*** Provided entries ***

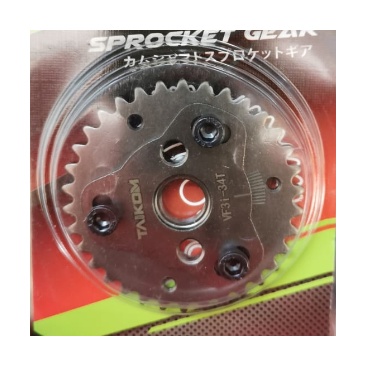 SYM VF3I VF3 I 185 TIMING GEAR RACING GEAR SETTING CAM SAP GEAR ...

*** End of Provided entries ***
*** Provided entries ***

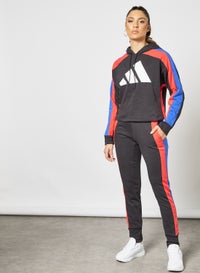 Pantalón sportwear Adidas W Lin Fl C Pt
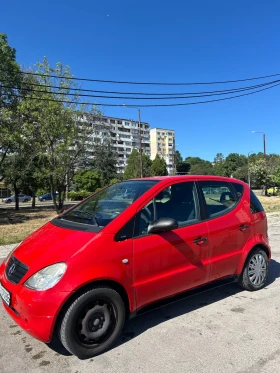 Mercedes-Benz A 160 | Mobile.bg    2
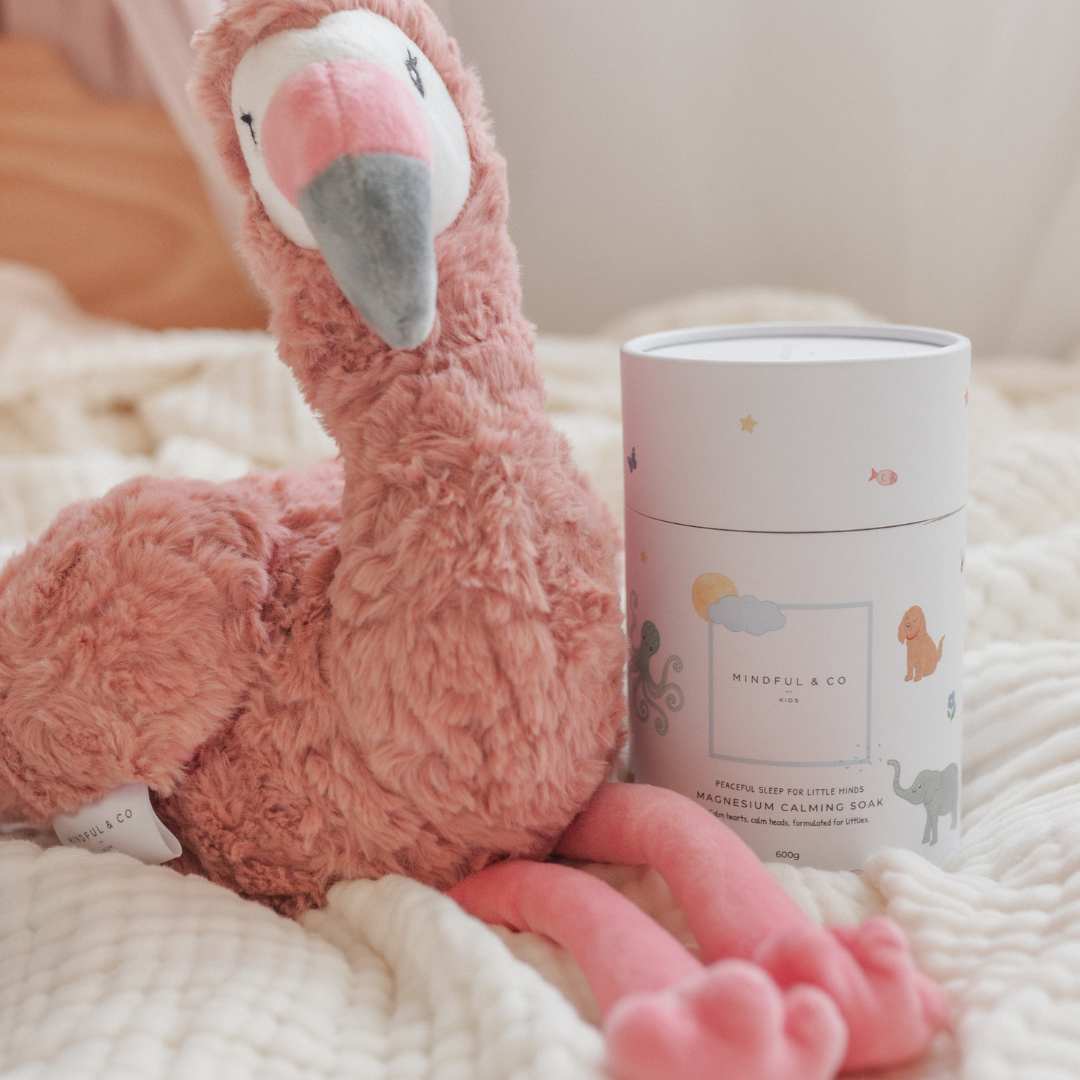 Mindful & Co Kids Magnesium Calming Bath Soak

*** End of Provided entries ***
*** Provided entries ***

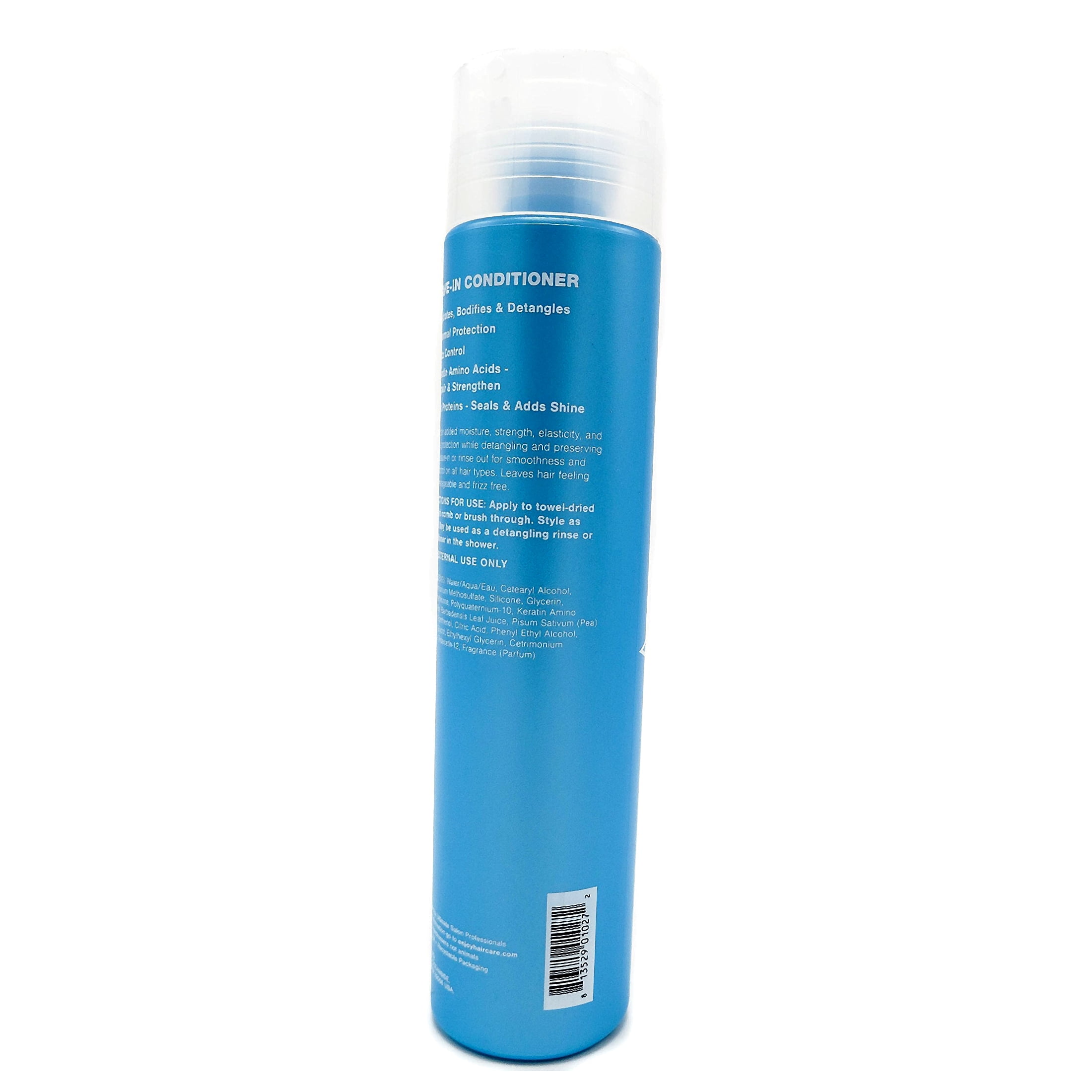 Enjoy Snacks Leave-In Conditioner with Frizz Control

*** End of Provided entries ***

*Task description:*
Within the listing above, extract exactly the lines that run from the one containing "Pantalón sportwear Adidas W Lin Fl C Pt" through the one containing "Mindful & Co", excluding any pictures.

*Written solution:*
 Pantalón sportwear Adidas W Lin Fl C Pt
 Mercedes-Benz A 160 | Mobile.bg    2
 Mindful & Co Kids Magnesium Calming Bath Soak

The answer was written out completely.